§ Record excerpts:
————
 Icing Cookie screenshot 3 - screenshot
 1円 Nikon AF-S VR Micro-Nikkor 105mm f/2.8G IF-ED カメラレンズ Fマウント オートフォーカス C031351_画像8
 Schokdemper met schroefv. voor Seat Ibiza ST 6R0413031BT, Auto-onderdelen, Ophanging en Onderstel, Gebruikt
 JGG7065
————
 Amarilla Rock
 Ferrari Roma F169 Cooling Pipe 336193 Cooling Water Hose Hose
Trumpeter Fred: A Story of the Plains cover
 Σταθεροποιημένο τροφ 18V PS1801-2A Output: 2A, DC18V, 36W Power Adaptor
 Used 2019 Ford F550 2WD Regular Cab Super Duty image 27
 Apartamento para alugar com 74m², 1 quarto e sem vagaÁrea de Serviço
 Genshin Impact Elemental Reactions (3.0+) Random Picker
————
§ What to work on: Starting at the line above that holds "Σταθεροποιημένο τροφ 18V" and ending at the line that holds "Genshin Impact Elemental", transcribe each line exactly and include no other lines.

§ Response area:
 Σταθεροποιημένο τροφ 18V PS1801-2A Output: 2A, DC18V, 36W Power Adaptor
 Used 2019 Ford F550 2WD Regular Cab Super Duty image 27
 Apartamento para alugar com 74m², 1 quarto e sem vagaÁrea de Serviço
 Genshin Impact Elemental Reactions (3.0+) Random Picker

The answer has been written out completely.